- Commercial Farming - the growing of crops / rearing of animals to make a profit
- Subsistence Farming - where there is just sufficient food produced to provide for the farmer's own family
- Arable Farming - involves growing of crops
- Pastoral Farming - involves rearing of animals
- Intensive Farming - where the farm size is small in comparison with the large amount of labour, and inputs of capital, fertilizers etc. which are required.
- Extensive Farming - where the size of a farm is very large in comparison to the inputs of money, labour etc. needed
- Although no two farms are exactly alike, it is obvious to anyone who has traveled in the countryside anywhere in the world that most farms in a particular area usually have many common features. Depending on the environment in that area, most of them grow the same crops, keep the same animals, and go about their farming in roughly similar ways. Therefore, they can be said to practice similar farming systems.

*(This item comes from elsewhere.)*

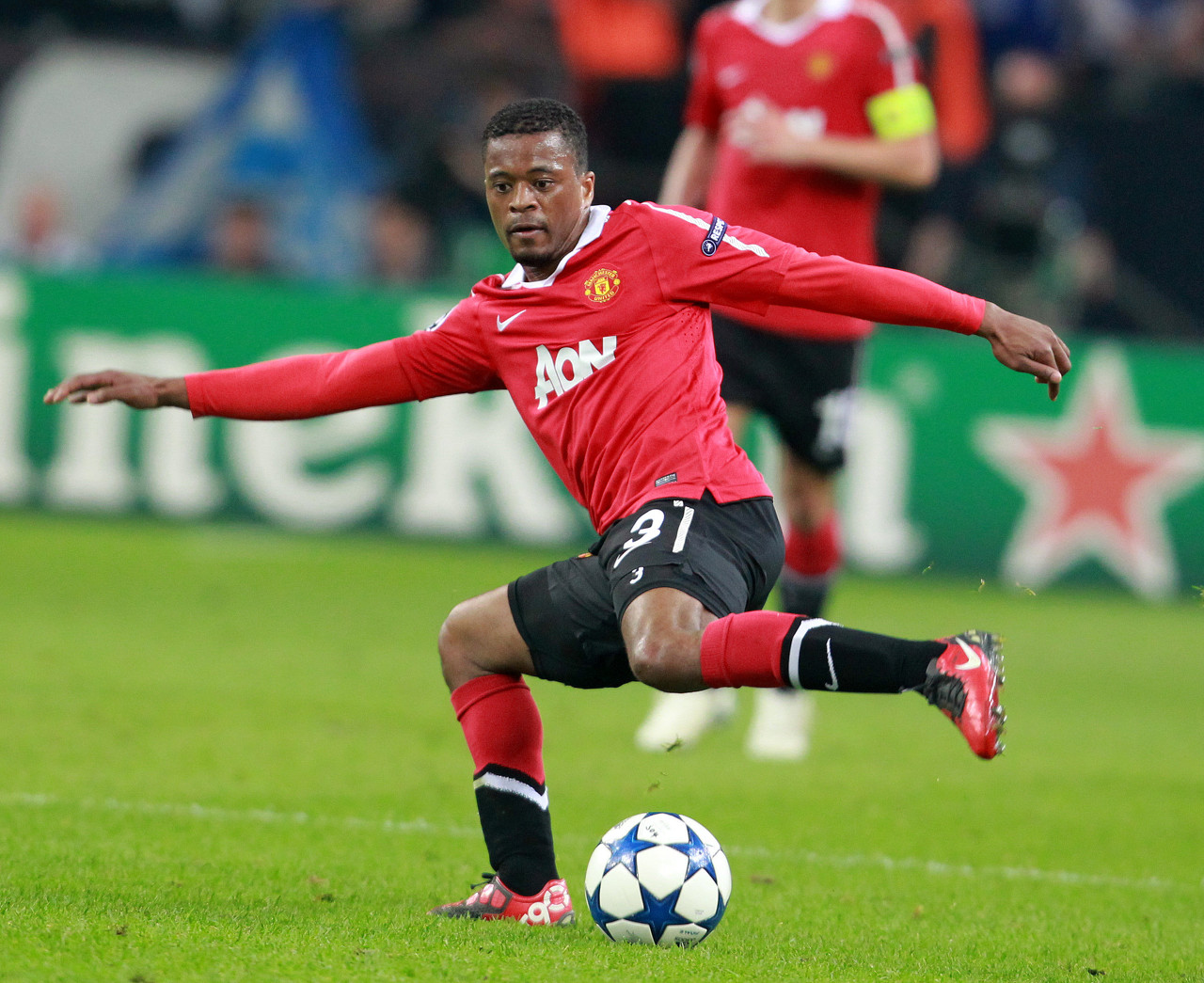 双老中锋共 双老中锋共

- Farmers have to adapt their farming to their natural environment — to succeed; they must work with nature and not against it. They must also adapt their systems to infrastructural factors, such as land-tenure arrangements, and the availability of inputs such as water, power, fertilizers, pesticides, labour, advice, and information. External economic factors such as location, availability of roads, communications, markets for selling produce, prices, credit, produce subsidies, and other features affect the attractiveness and profitability of different farming systems. Internal factors such as farm size, the available labour force, resources that can be invested and fixed improvements are other obvious determinants. Finally, personal choice and preferences may influence the system
- Farming system approach envisages the integration of agroforestry, horticulture, dairy, sheep and goat rearing, fishery, poultry, pigeon, biogas, mushroom, sericulture and by-product utilization of crops with the main goal of increasing the income and standard of living of small and marginal farmers. The challenge is to upgrade the technological and social disciplines on a continuous basis and integrate these disciplines to suit the region and the farm families in a manner that may ensure increased production with stability, ecological sustainability and equitability.